━━━ Data provided ━━━

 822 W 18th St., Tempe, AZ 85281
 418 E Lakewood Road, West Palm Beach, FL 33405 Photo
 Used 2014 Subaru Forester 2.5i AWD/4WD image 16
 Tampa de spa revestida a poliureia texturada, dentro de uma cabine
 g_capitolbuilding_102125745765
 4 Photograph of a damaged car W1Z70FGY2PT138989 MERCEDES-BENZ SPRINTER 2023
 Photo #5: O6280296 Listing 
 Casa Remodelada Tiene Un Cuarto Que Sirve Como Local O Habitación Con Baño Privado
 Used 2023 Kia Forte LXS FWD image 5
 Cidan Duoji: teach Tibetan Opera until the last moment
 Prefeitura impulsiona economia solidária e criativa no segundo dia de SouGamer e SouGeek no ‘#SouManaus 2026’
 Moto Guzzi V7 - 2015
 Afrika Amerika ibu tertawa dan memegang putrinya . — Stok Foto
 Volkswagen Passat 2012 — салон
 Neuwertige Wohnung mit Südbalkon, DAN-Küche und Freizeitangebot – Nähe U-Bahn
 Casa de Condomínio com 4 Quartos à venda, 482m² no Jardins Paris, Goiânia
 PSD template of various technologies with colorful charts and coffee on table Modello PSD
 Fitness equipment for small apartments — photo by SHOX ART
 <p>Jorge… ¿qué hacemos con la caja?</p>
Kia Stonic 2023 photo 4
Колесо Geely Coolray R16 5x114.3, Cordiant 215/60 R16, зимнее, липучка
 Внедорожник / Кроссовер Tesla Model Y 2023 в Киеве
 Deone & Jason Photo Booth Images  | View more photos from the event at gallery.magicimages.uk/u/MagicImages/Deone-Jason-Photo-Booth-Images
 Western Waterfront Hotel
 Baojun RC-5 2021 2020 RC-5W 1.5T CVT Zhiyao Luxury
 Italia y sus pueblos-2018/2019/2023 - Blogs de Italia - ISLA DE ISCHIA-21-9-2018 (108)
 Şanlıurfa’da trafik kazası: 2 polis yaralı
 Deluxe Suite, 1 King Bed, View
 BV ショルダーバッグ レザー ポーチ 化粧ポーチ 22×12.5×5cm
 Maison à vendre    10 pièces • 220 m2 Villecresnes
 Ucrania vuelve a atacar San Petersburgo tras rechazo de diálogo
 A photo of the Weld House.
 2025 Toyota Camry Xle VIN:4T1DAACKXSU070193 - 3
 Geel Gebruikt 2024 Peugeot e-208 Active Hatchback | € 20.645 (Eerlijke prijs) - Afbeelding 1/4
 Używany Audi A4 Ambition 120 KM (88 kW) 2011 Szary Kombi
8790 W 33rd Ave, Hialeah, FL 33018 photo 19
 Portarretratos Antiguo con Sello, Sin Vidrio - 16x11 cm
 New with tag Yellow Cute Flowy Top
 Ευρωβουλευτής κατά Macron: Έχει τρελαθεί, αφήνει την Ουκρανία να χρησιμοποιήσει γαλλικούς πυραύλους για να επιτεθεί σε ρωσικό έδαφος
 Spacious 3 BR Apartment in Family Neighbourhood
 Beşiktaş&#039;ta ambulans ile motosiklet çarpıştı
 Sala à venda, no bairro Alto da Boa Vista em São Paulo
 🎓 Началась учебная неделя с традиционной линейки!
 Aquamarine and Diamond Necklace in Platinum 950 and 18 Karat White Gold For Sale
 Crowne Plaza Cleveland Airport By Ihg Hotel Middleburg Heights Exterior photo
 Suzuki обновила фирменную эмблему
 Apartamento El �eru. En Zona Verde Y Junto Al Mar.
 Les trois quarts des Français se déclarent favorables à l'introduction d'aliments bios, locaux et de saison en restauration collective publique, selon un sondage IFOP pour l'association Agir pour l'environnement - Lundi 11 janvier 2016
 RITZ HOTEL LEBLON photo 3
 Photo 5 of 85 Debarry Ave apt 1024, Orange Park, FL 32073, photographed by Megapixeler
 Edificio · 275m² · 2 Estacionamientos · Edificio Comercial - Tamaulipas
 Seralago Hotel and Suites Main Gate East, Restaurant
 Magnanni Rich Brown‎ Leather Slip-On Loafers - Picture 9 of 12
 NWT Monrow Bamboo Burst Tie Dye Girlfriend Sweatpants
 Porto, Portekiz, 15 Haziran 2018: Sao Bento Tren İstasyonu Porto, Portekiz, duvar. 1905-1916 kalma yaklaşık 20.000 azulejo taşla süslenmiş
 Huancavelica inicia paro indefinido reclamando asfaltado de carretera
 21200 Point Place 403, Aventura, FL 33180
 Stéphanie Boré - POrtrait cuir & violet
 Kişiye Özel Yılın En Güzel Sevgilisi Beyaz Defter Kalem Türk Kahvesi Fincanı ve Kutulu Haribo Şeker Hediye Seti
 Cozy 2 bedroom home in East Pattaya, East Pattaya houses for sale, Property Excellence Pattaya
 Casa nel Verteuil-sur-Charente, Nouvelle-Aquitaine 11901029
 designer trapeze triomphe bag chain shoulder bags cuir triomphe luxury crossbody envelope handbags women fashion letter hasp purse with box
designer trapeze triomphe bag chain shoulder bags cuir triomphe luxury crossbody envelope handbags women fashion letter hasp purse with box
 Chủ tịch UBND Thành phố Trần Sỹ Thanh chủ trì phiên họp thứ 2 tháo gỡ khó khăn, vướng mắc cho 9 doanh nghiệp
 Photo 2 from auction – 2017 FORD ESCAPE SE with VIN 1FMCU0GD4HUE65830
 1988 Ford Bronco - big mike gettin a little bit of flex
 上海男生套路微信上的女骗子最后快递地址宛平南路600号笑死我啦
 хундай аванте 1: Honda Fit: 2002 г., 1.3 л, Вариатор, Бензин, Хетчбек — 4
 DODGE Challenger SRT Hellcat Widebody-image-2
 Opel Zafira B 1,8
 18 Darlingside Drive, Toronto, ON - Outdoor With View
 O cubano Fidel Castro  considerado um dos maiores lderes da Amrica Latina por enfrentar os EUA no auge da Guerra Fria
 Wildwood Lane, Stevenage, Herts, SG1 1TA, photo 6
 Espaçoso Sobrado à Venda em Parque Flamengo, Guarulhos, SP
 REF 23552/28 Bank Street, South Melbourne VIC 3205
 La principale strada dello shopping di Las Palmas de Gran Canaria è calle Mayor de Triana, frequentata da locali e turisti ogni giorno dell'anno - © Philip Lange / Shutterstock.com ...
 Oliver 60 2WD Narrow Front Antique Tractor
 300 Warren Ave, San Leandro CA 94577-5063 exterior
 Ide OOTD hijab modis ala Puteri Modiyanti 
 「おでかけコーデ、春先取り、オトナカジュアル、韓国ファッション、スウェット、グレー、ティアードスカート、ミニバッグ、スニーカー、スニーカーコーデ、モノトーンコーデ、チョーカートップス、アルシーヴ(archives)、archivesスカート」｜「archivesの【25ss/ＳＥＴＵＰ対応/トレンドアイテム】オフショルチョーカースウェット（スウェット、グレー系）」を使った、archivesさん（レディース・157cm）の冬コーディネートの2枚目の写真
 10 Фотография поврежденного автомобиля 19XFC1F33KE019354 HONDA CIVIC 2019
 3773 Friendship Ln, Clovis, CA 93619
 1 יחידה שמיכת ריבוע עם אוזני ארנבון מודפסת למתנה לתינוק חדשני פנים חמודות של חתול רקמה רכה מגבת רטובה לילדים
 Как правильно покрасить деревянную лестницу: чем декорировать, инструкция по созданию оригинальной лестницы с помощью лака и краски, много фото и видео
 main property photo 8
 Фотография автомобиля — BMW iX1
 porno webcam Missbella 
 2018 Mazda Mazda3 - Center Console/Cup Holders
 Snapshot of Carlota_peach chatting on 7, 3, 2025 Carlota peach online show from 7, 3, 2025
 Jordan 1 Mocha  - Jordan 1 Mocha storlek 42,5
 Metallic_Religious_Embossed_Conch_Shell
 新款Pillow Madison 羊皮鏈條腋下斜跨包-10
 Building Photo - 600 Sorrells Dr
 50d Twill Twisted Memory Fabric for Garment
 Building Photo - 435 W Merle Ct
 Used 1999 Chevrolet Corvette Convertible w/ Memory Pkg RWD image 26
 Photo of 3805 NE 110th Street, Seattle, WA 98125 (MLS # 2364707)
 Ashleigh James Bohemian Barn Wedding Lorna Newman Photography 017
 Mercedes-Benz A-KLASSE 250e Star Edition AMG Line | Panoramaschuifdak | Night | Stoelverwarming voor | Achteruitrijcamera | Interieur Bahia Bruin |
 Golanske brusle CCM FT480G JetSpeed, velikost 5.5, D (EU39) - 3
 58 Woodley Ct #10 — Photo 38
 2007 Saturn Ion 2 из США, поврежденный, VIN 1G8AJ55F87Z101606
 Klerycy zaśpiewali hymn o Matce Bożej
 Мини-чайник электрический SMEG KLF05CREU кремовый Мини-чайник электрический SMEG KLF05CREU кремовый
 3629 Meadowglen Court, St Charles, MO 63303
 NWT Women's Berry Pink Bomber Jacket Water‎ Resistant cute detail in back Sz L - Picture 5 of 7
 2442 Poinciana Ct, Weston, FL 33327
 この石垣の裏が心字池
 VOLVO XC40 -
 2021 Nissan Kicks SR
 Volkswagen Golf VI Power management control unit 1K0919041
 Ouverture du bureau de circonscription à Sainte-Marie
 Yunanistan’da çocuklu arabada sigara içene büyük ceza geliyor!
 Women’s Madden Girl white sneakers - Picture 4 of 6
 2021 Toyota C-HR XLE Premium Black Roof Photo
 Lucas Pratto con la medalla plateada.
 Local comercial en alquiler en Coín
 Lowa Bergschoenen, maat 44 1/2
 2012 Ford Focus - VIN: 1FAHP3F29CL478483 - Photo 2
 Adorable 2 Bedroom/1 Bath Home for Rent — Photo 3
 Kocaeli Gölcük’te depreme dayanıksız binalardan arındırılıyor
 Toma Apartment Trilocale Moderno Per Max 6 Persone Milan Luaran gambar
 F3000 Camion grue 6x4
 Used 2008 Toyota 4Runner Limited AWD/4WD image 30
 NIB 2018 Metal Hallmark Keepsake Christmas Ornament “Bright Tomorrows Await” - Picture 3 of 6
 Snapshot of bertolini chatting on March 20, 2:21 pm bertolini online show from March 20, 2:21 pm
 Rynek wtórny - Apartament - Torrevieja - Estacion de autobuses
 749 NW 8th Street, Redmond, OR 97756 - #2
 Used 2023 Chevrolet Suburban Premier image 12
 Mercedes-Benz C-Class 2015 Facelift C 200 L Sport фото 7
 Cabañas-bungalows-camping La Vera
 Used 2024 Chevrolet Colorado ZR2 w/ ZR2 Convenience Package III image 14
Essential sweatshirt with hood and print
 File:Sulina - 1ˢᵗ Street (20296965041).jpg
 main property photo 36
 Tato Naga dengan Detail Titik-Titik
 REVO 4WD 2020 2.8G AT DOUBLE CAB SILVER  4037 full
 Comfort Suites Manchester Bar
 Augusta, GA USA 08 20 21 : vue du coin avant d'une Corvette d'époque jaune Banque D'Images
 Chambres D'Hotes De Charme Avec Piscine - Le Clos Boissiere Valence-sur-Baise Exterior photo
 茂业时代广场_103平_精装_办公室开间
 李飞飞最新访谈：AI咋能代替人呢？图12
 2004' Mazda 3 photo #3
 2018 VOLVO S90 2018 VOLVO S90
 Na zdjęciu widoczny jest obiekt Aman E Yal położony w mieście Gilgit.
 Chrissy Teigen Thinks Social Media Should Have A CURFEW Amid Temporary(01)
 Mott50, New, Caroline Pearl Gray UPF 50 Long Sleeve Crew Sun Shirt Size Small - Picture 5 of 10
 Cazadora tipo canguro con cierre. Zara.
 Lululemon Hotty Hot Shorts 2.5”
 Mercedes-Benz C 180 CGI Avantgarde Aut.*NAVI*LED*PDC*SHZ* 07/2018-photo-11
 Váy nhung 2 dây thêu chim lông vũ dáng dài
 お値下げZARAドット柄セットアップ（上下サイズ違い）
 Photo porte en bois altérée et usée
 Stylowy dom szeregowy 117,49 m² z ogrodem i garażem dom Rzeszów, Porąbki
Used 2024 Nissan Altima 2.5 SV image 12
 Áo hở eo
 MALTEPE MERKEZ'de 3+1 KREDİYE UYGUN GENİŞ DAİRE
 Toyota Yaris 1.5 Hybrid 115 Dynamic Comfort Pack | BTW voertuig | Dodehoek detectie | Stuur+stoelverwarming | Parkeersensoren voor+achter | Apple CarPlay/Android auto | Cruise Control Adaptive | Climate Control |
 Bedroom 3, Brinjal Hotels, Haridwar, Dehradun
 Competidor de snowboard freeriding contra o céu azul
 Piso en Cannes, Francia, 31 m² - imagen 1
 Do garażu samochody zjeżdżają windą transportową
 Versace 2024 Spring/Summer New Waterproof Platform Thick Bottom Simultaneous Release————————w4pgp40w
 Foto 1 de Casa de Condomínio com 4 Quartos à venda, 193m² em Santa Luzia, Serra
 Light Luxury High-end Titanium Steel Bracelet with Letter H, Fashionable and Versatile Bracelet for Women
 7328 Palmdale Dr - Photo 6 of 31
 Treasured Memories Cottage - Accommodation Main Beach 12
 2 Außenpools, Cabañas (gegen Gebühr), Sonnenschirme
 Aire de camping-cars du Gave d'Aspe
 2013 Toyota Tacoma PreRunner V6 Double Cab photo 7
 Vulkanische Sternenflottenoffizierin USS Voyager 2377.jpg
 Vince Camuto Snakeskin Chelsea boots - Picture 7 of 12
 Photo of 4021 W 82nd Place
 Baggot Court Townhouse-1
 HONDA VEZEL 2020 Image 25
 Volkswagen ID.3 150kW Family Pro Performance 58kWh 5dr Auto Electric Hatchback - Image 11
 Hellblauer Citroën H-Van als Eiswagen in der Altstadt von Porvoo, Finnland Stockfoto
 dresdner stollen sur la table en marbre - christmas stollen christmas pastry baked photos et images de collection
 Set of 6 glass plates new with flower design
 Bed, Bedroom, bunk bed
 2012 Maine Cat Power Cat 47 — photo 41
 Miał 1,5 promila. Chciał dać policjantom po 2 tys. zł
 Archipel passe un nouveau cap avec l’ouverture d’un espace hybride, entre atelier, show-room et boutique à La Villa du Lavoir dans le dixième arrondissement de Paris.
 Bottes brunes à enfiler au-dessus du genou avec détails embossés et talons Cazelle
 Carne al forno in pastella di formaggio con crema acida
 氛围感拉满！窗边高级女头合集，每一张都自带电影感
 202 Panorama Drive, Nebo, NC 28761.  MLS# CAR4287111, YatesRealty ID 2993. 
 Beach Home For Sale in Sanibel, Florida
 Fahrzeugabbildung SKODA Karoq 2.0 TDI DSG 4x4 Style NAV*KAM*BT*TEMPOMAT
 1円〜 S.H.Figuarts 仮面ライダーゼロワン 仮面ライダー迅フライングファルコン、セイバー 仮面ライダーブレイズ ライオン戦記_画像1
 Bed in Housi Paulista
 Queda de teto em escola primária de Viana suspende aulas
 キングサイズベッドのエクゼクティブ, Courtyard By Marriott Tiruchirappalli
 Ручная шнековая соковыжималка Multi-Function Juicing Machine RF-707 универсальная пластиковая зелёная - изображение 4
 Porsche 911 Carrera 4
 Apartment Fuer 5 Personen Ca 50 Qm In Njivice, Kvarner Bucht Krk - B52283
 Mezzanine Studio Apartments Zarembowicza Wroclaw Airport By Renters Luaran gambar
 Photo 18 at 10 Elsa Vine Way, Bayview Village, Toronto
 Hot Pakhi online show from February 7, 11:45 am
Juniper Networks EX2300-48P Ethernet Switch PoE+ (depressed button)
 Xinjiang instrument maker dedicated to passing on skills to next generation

━━━

What to produce | Of the lines above, retype only those from the line containing "Neuwertige Wohnung mit" through the line containing "Kia Stonic 2023 photo 4", including both, exactly.

Answer below |
 Neuwertige Wohnung mit Südbalkon, DAN-Küche und Freizeitangebot – Nähe U-Bahn
 Casa de Condomínio com 4 Quartos à venda, 482m² no Jardins Paris, Goiânia
 PSD template of various technologies with colorful charts and coffee on table Modello PSD
 Fitness equipment for small apartments — photo by SHOX ART
 <p>Jorge… ¿qué hacemos con la caja?</p>
Kia Stonic 2023 photo 4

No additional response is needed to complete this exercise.